BEGIN Listed records
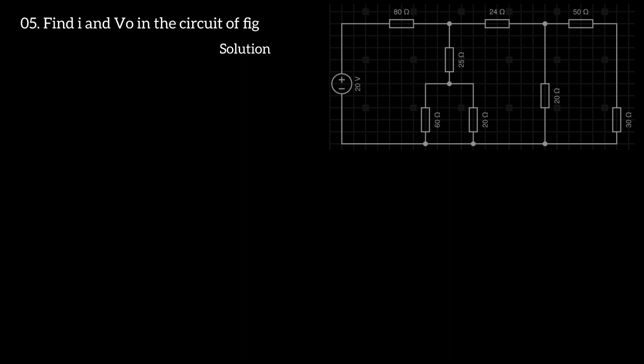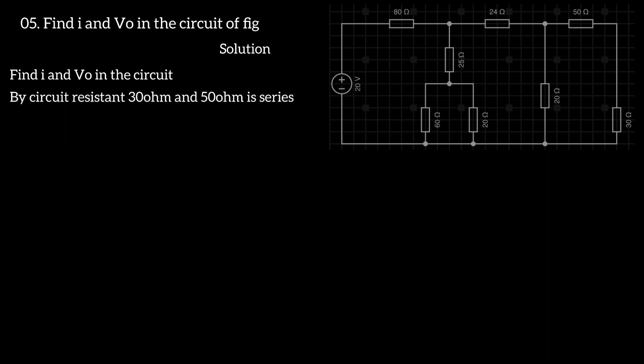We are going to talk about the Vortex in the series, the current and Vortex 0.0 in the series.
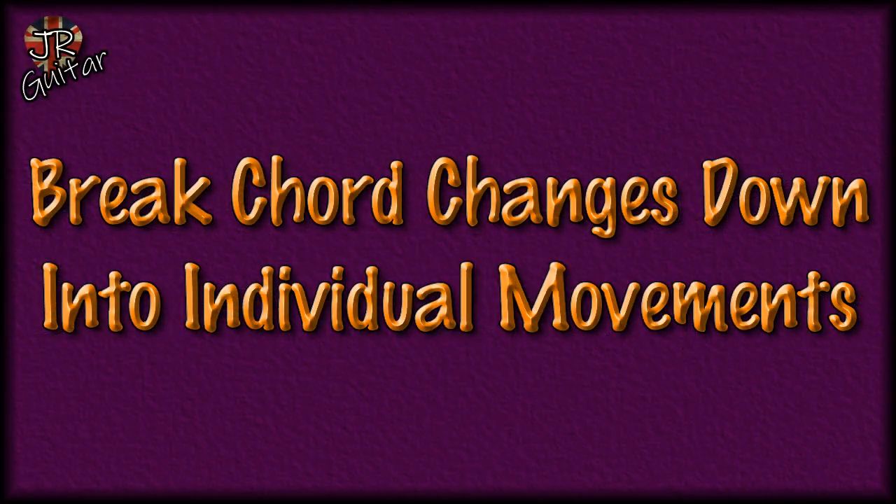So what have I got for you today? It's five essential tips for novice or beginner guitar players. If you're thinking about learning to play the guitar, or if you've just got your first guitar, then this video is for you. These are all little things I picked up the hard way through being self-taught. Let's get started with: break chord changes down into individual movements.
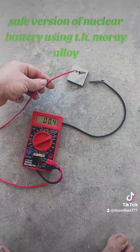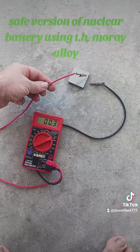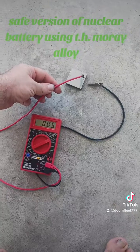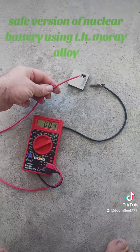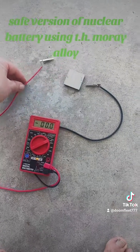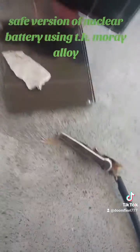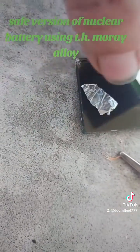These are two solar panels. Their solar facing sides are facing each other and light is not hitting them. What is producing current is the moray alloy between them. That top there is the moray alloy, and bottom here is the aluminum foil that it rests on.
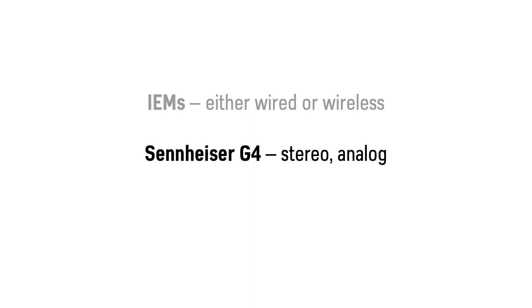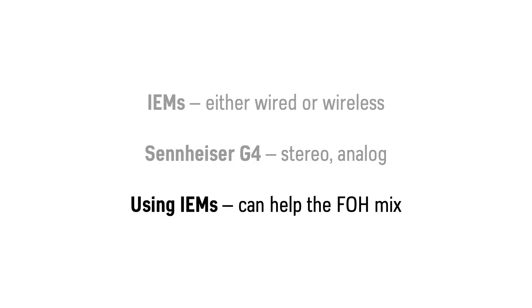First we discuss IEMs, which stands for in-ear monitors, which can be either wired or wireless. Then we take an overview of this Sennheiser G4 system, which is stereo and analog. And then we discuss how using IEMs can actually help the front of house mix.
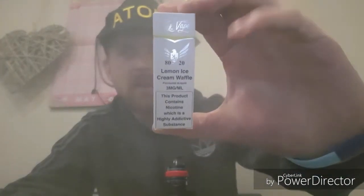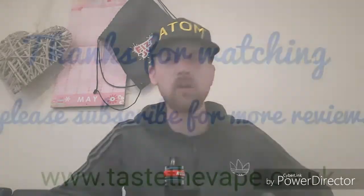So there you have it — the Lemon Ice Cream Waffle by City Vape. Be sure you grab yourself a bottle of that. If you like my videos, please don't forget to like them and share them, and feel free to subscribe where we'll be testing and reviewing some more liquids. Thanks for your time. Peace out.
END Listed records
▶ **Directions for this task**: Could you repeat the listing above exactly, omitting its pictures?

▶ **The answer**:
We are going to talk about the Vortex in the series, the current and Vortex 0.0 in the series.
So what have I got for you today? It's five essential tips for novice or beginner guitar players. If you're thinking about learning to play the guitar, or if you've just got your first guitar, then this video is for you. These are all little things I picked up the hard way through being self-taught. Let's get started with: break chord changes down into individual movements.
These are two solar panels. Their solar facing sides are facing each other and light is not hitting them. What is producing current is the moray alloy between them. That top there is the moray alloy, and bottom here is the aluminum foil that it rests on.
First we discuss IEMs, which stands for in-ear monitors, which can be either wired or wireless. Then we take an overview of this Sennheiser G4 system, which is stereo and analog. And then we discuss how using IEMs can actually help the front of house mix.
So there you have it — the Lemon Ice Cream Waffle by City Vape. Be sure you grab yourself a bottle of that. If you like my videos, please don't forget to like them and share them, and feel free to subscribe where we'll be testing and reviewing some more liquids. Thanks for your time. Peace out.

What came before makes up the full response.